Por fim, o que Deus tem a ver com o despreparo das autoridades que aprovam projetos liberando milhões de hectares de campos nativos, alguns deles baseados no Estado dos bolsonaristas estrelados Eduardo Leite, Hamilton Mourão e Sebastião Melo, prefeito de Porto Alegre? Nada vezes nada. Como peru de fora, o que posso dizer é que as leis divinas são feitas sob medida. O povo que foi desprezado um dia será exaltado. A noite no meio de um e de outro dia está aí para provar que os nordestinos estão entre os brasileiros que mais têm se solidarizado com a gauchada. Isso me faz lembrar do poeta dizendo: O tempo é o senhor da razão.

Lamentavelmente, o cenário extremado chegou pela histórica inércia da direita gaúcha. E não é história de pescador.

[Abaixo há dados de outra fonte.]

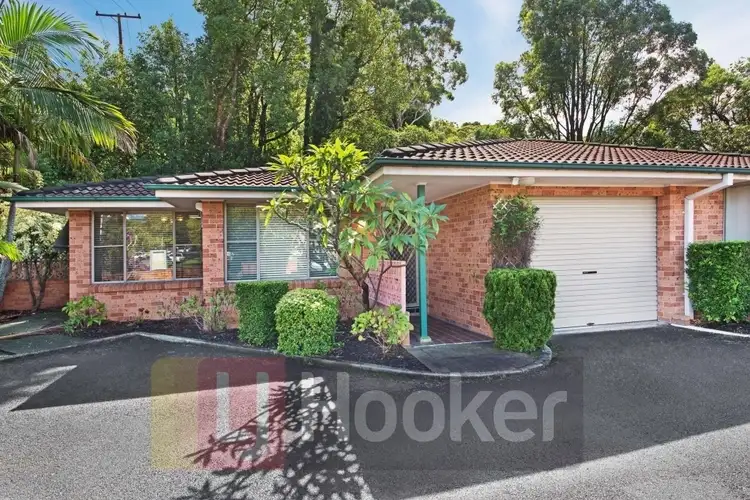 1/207 Albany Street, Point Frederick NSW 2250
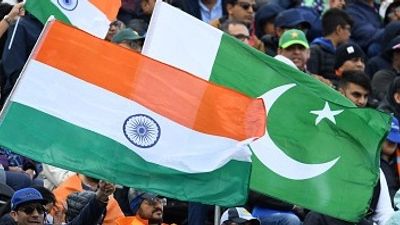 भारतीय टीम की जर्सी पहन खेलने उतरा पाकिस्तानी खिलाड़ी, अब लटकी तलवार SportsTak Hindi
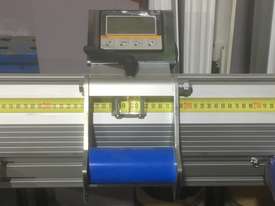 Maxi Digital measuring stop and conveyor - picture0' - Click to enlarge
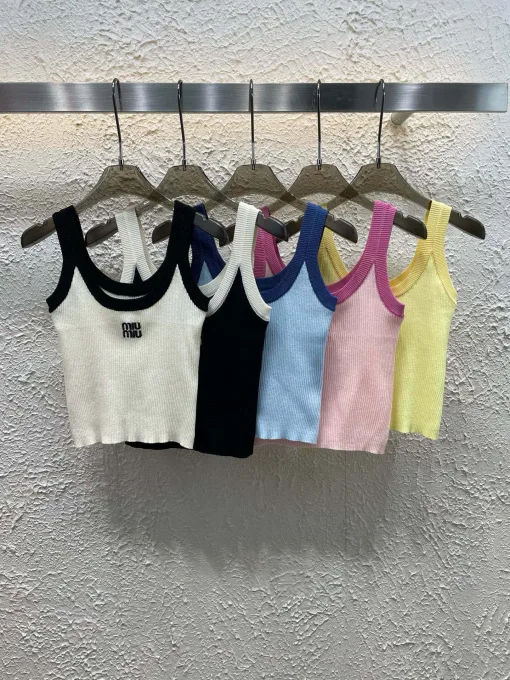 Bestseller Miu Miu Weste Weiß Strick Bestickte Kollektion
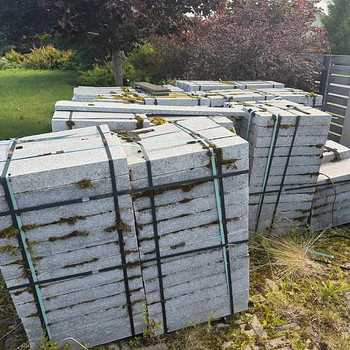 Looduslik graniitplaat 600 × 300 × 80 mm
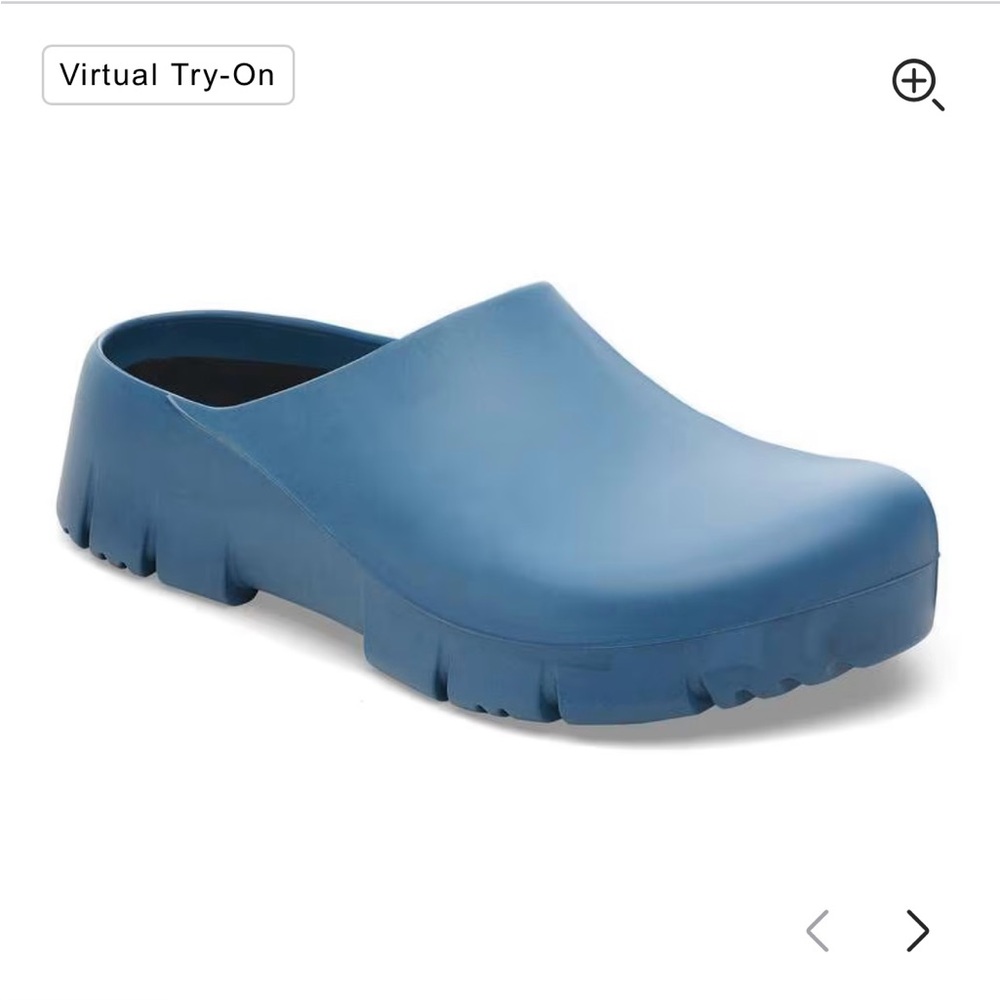 Casual Slip-On Clog in Dusty Blue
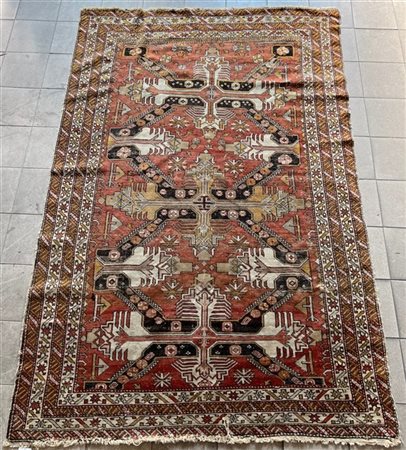 Tappeto Seichur, Caucaso, recente manifattura. Decoro geometrico su fondo color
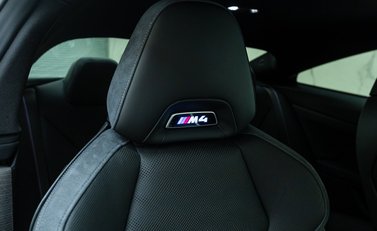 BMW M4 COMPETITION M XDRIVE 16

Há décadas, os lamentos do Guaíba e dos rios da região são entendidos pelos governantes locais como chororô de insensíveis. O tempo passou e hoje os violentados rios são sinônimos de medo e de dor. Eles não são inimigos da direita ou vilões da esquerda. Transformados, desviados e aviltados, o Guaíba e seus parceiros só queriam passar natural e pacificamente. A política envolveu a natureza e não os deixou seguir seu curso normal.

A conta chegou, deixando em ebulição a politicagem explícita e implícita, aquela que se esconde nos porões das redes sociais. Os negacionistas se esconderam, mas seus fiéis escudeiros continuam capazes de tudo para borrar o trabalho sério de quem só quer ajudar. Bolsonaro e bolsonaristas podem não gostar de Lula da Silva. Faz parte da imbecilidade humana. Entretanto, aceitem como normal a solidariedade do governo federal com os representantes do bolsonarismo amargo e ingrato do Rio Grande do Sul. Não se trata de politizar a tragédia provocada pela natureza, mas de ajudar a quem precisa. Mais uma vez valho-me de Xico Sá para afirmar que o caos no Sul é político por si mesmo.

Ele é resultado da ganância financeira, do negacionismo climático e do descaso com os rios. E se tornou ainda mais político depois que Luiz Inácio elegantemente se negou a apontar culpados pela desgraça do Estado. Lula não tem interesse em pedir os votos dos gaúchos que o ridicularizaram em 2022. Também não pensa em agradar a Eduardo Leite e a seus seguidores. Como presidente da República, é sua obrigação socorrer o Rio Grande ou qualquer outro estado em situação semelhante. Os que tentam politizar o caos no Sul são aqueles pagos para maquiar negativamente o que, a olhos nu, vem sendo remendado e contido pelo trabalho de um governante casualmente de esquerda. O da direita está recolhido sabe-se lá onde, mas certamente cabalando votos para eleger apadrinhados nas próximas eleições municipais. Para ele, o Rio Grande Sul que se afogue.